What are the lines, copied exactly, from the one containing "Πληροφορίες για αύξηση" through the final line of the material? Leave the pictures out.

+++ EXTRACTED MATERIAL +++

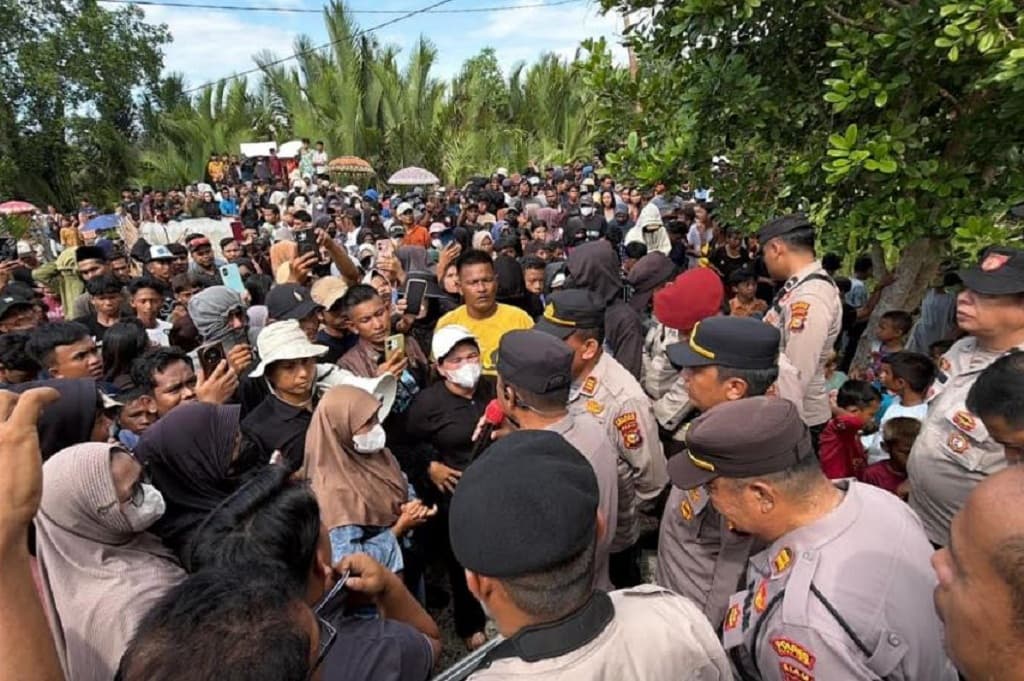 Kronologi Warga Geruduk Rumah Diduga Bandar Narkoba di Rohil Berujung Aksi Pembakaran Kronologi Warga Geruduk Rumah Diduga Bandar Narkoba di Rohil Berujung Aksi Pembakaran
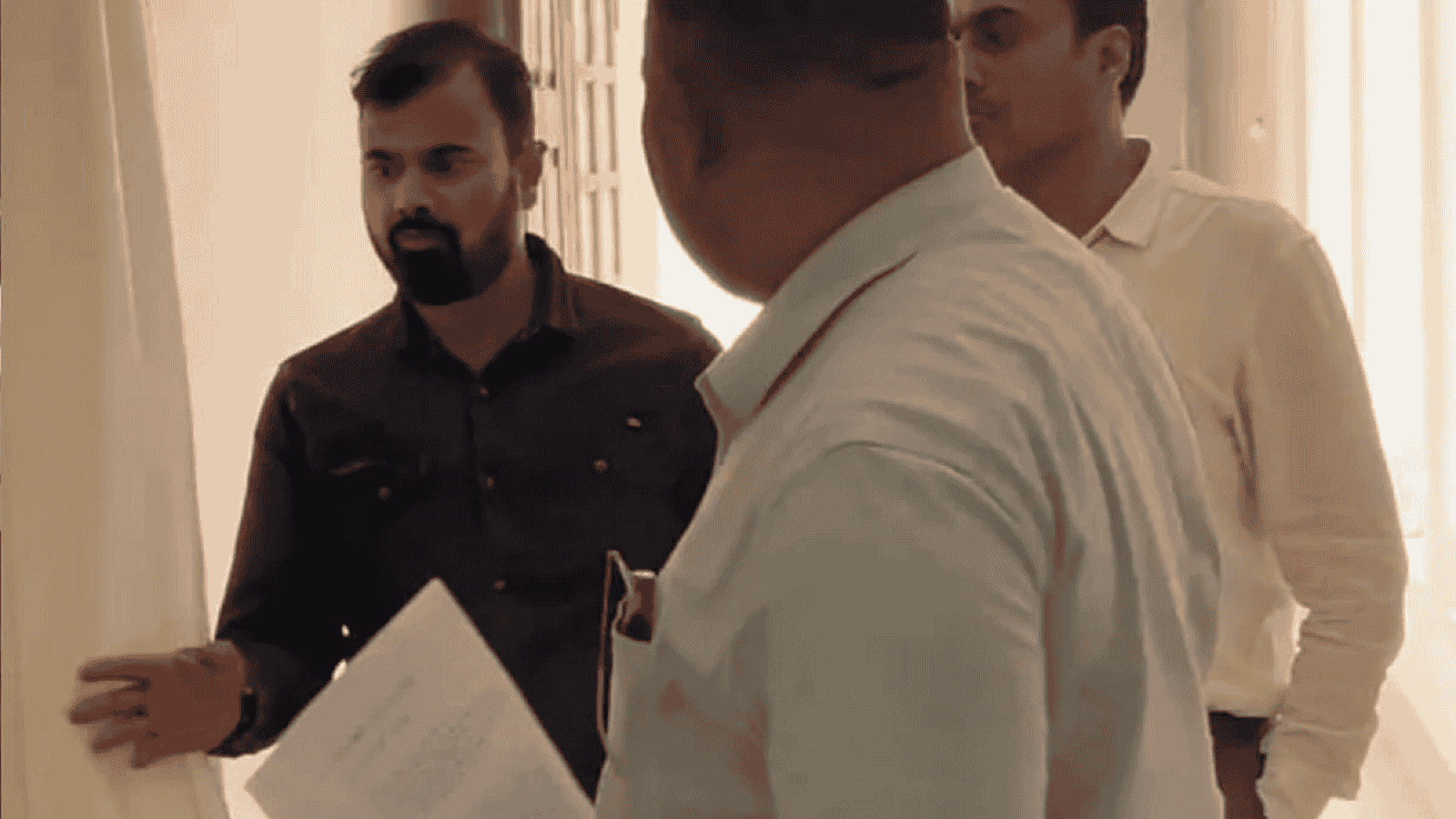 रीवा लोकायुक्त ने अनुपपूर के पंचायत सचिव को 15000 की रिश्वत लेते रंगेहाथ पकड़ा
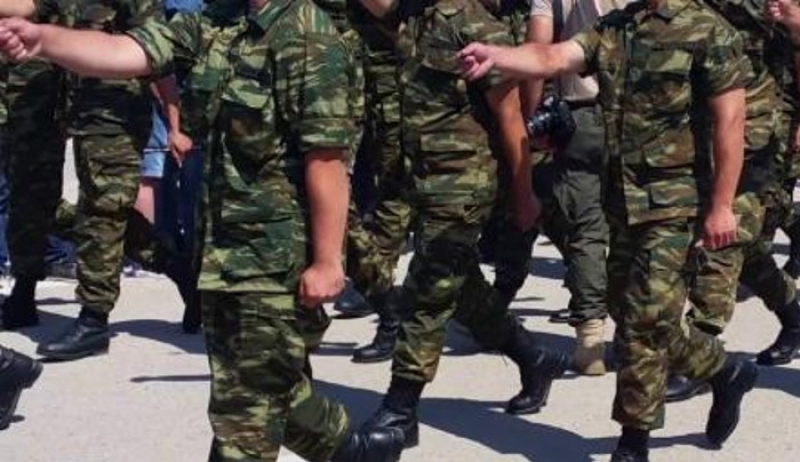Πληροφορίες για αύξηση της στρατιωτικής θητείας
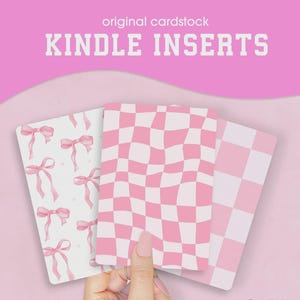 Könnte beinhalten: Drei Kindle-Einsätze mit rosa und weißen Designs. Ein Einsatz zeigt ein Muster aus rosa Schleifen auf weißem Hintergrund. Ein anderer hat ein rosa-weißes Schachbrettmuster. Der dritte Einsatz hat ein verblasstes rosa-weißes Schachbrettmuster. Der Text "original cardstock" und "KINDLE INSERTS" steht oben.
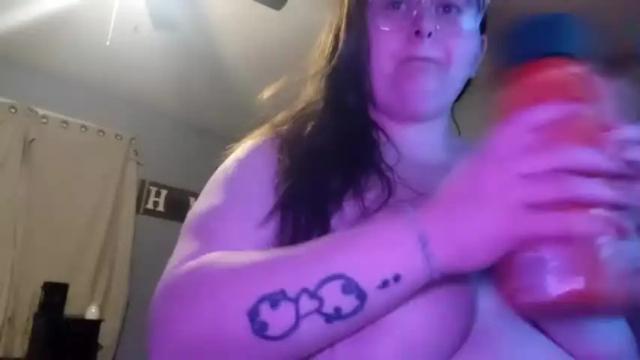 Image 3 of kittytittyfuck Stream on Chaturbate on 15 months ago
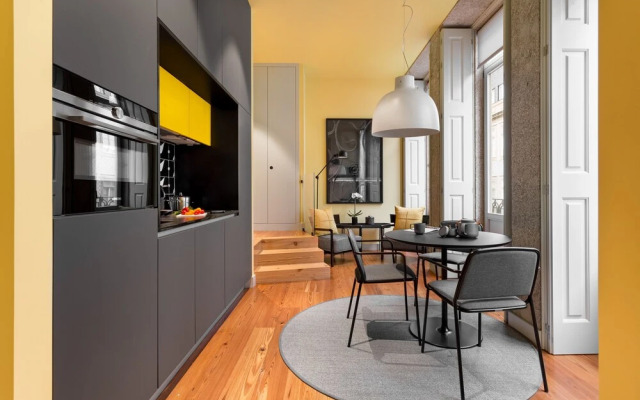 ALTIDO Modern Self Check-In Studio in Porto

+++

_WRITTEN ANSWER_
Πληροφορίες για αύξηση της στρατιωτικής θητείας
 Könnte beinhalten: Drei Kindle-Einsätze mit rosa und weißen Designs. Ein Einsatz zeigt ein Muster aus rosa Schleifen auf weißem Hintergrund. Ein anderer hat ein rosa-weißes Schachbrettmuster. Der dritte Einsatz hat ein verblasstes rosa-weißes Schachbrettmuster. Der Text "original cardstock" und "KINDLE INSERTS" steht oben.
 Image 3 of kittytittyfuck Stream on Chaturbate on 15 months ago
 ALTIDO Modern Self Check-In Studio in Porto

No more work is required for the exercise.